Le «régime spécial» existant en Tchétchénie est bien connu en Russie. Les médias russes, y compris ceux proches du Kremlin, exposent en long et en large la «brutalité des mœurs tchétchènes» et celle de son leader, Ramzan Kadyrov, qui règne sans partage depuis 2011 sur les 1,3 million de Tchétchènes. Moscou ferme les yeux sur l’instauration officieuse de la charia, des «crimes d’honneur», de la polygamie et de la toute-puissance du clan Kadyrov.
Le «fantassin» de Poutine
Habitué des rodomontades et des postures ubuesques, Ramzan Kadyrov étale son adoration pour le président russe et se décrit comme son «fantassin». Lors des scrutins fédéraux, où aucun contrôle extérieur n’est admis, la république offre invariablement un score de 98% ou plus en faveur de Vladimir Poutine. La rébellion indépendantiste a été quasiment anéantie et présente une façade de stabilité dans un Caucase volcanique. Vladimir Poutine lui est particulièrement gré d’avoir retiré la Tchétchénie des dossiers brûlants. Son poids politique excède largement les frontières tchétchènes et Ramzan Kadyrov pose en protecteur de tous les musulmans de Russie, même si son autorité est contestée (en catimini). Il a su organiser des manifestations massives à Grozny contre Charlie Hebdo (après l’attentat de 2015) et même à Moscou (en 2017, contre le génocide des Rohingyas en Birmanie). Une bonne partie de la police militaire russe en Syrie est composée de Tchétchènes et Kadyrov développe sa propre diplomatie dans le Golfe, auprès des dirigeants sunnites.

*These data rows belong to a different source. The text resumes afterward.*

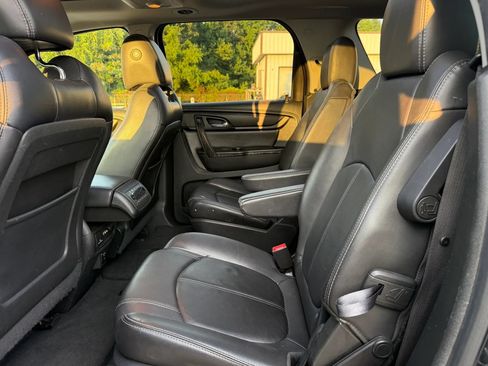 Used 2015 GMC Acadia SLT w/ Open Road Package AWD/4WD image 21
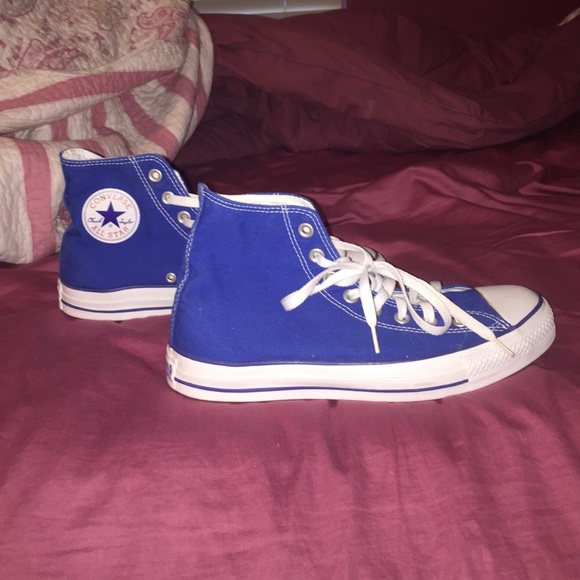 Men's blue converse size 8. Women's size 10.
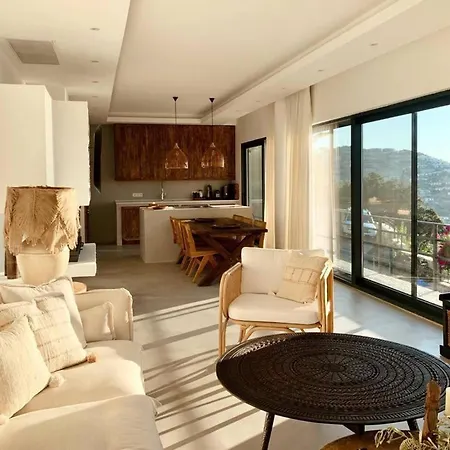 Pure Luxury In Vilă Yalıkavak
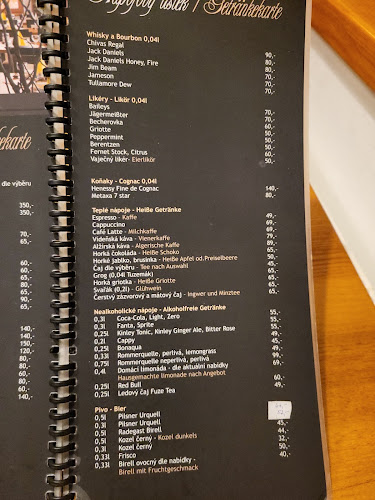 Opinii despre Hotel a restaurace Krušnohorský Dvůr în Dubí - Gastronomie a pohostinství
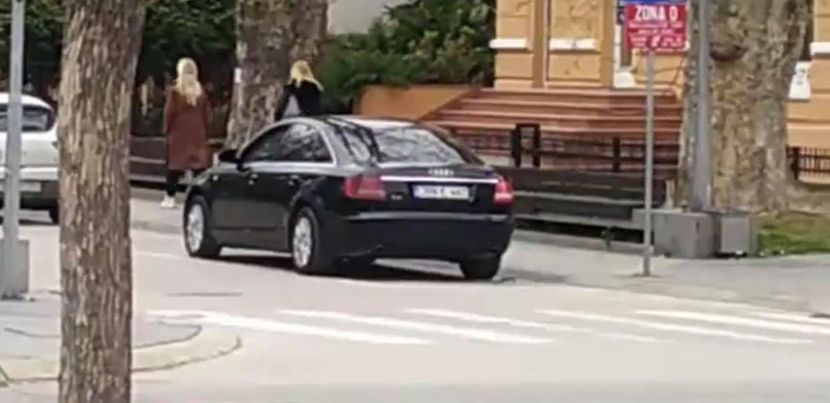 Crni Audi A6 koji, po riječima grupe PzD, prati pripadnike ove grupe građana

Pour tous ces services rendus, Ramzan Kadyrov dispose des coudées franches dans son bastion. «Il est le seul à contrôler directement les organes de sécurité [dans sa région], organes qui, partout ailleurs, prennent leurs ordres au niveau fédéral», note Ekaterina Sokirianskaïa, directrice de projet pour la Russie et le Nord Caucase à l’ONG International Crisis Group. Le président tchétchène a pris une telle importance que beaucoup d’observateurs estiment que le démontage du système Kadyrov serait périlleux pour le Kremlin.
Moscou riposte au rapport de l’OSCE
Entre le risque d’encourir de nouvelles critiques occidentales, voire une procédure pénale internationale à La Haye, et celui de «lâcher» l’un des piliers cruciaux du régime, Moscou n’a pas hésité longtemps. Répondant au rapport, la Russie se dit «convaincue que les préoccupations et les accusations concernant la situation [humanitaire] sont partiales et sans fondement. En outre, elles démontrent clairement la politique de «deux poids deux mesures» de l’OSCE qui ne peuvent qu’accroître sa dégradation», a réagi Vladimir Zheglov, représentant de la Russie auprès de l’OSCE.